• **HOW TO COMPLETE THIS TASK**
Your output should reproduce each entry exactly, with none of its pictures.

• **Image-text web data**
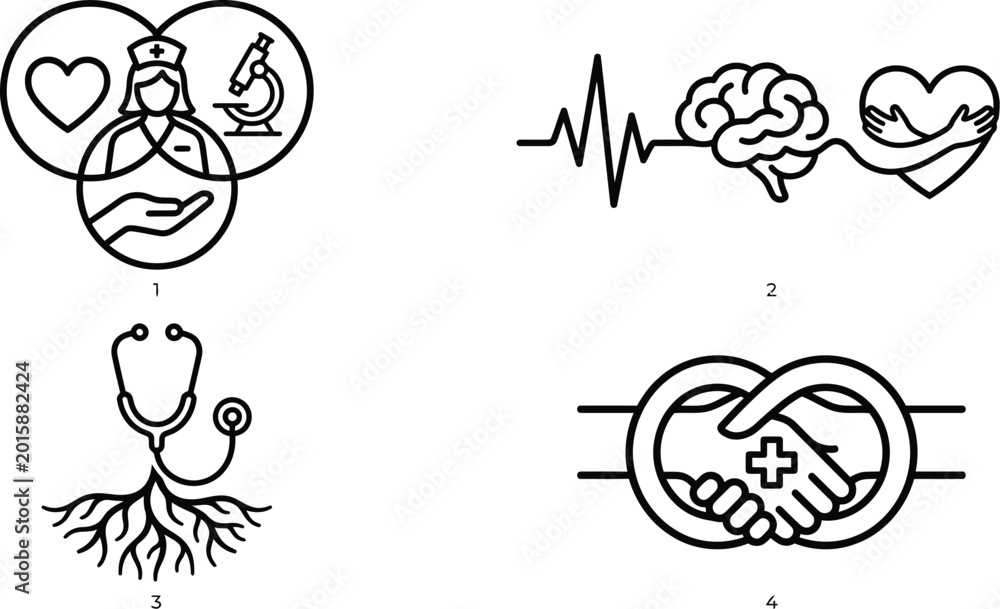 Fototapeta premium Medical Health Science Icons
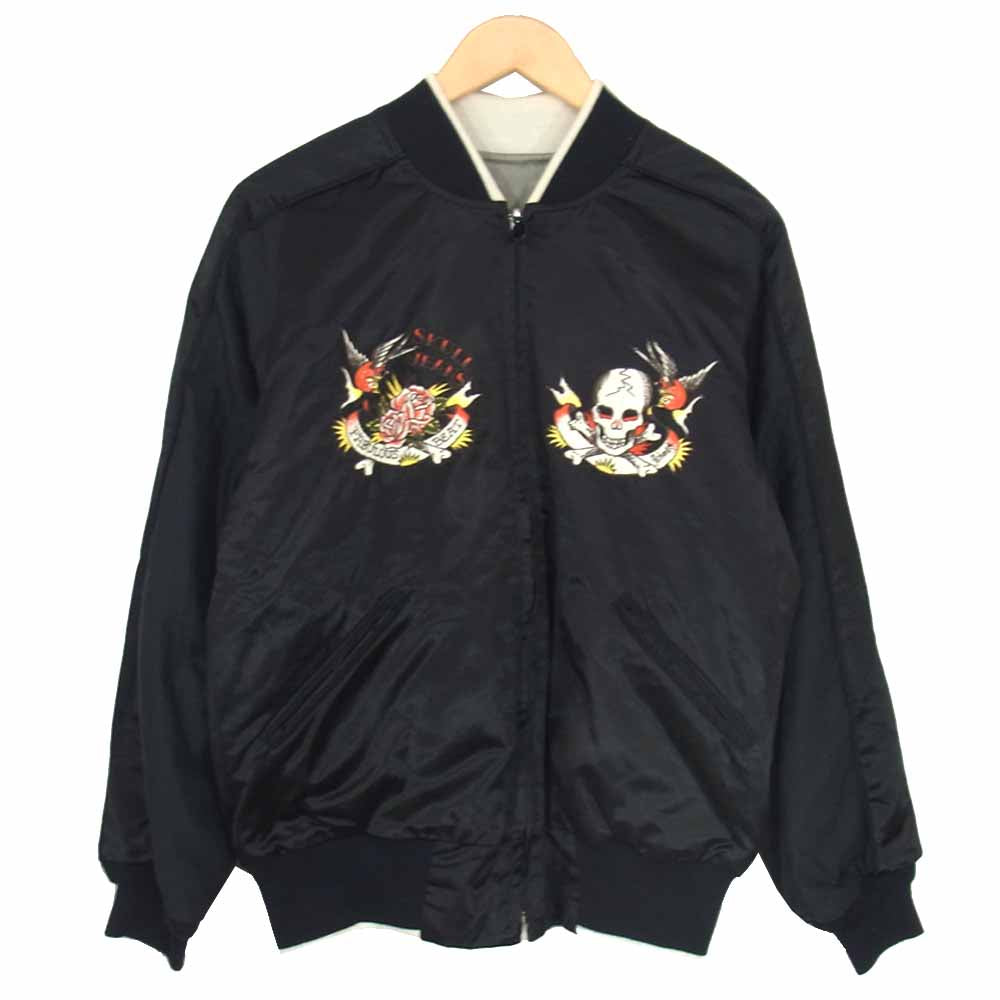 SKULL JEANS スカルジーンズ 38-M スカル刺繍 シンサレート リバーシブル スカジャン ブラック系 38【中古】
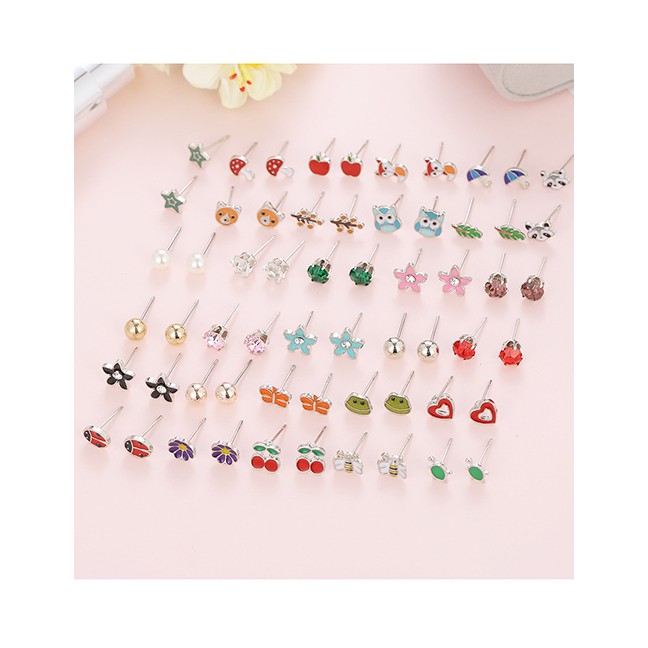 LRC Anting Set Fashion Color Stainless Steel Fox Frog Mushroom Ear Stud Set 3 PCS D81520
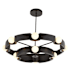 Arteriors Hans 44" Wide LED Ring Chandelier with Frosted Glass Shades Swirl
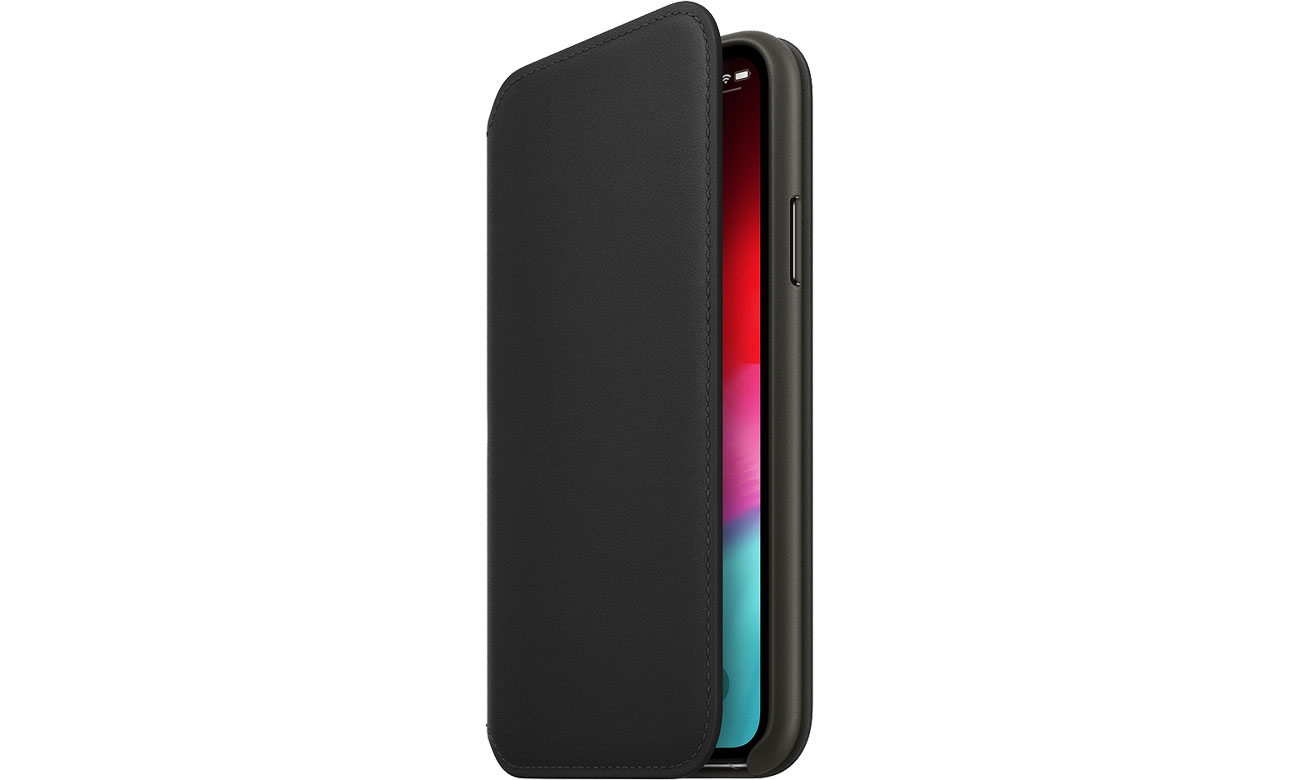 Etui z klapką Apple iPhone XS Leather Folio Black MRWW2ZM/A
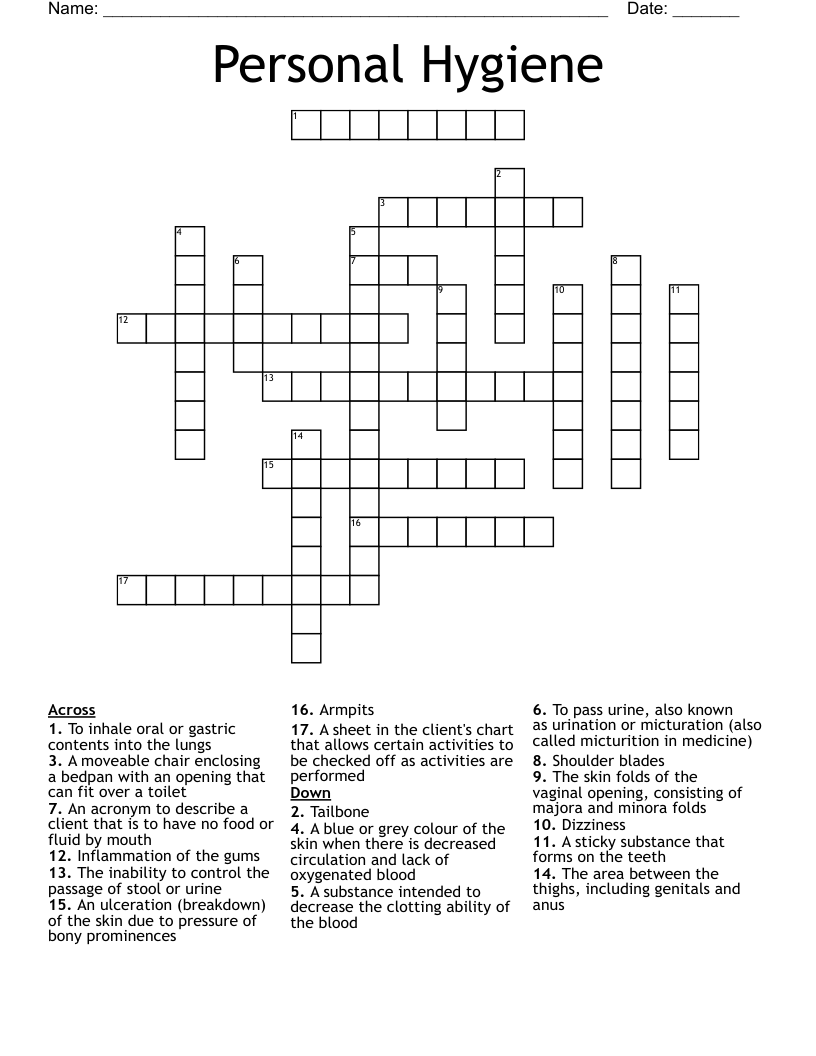 Personal Hygiene Crossword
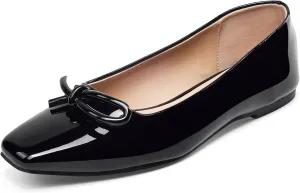 GENSHUO Womens Square Toe Flats Metal Bow Slip On Ballet Flats Comfort Low Heel Shoes Classic and Chic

• **WRITTEN RESPONSE**
 Fototapeta premium Medical Health Science Icons
 SKULL JEANS スカルジーンズ 38-M スカル刺繍 シンサレート リバーシブル スカジャン ブラック系 38【中古】
 LRC Anting Set Fashion Color Stainless Steel Fox Frog Mushroom Ear Stud Set 3 PCS D81520
 Arteriors Hans 44" Wide LED Ring Chandelier with Frosted Glass Shades Swirl
 Etui z klapką Apple iPhone XS Leather Folio Black MRWW2ZM/A
 Personal Hygiene Crossword
 GENSHUO Womens Square Toe Flats Metal Bow Slip On Ballet Flats Comfort Low Heel Shoes Classic and Chic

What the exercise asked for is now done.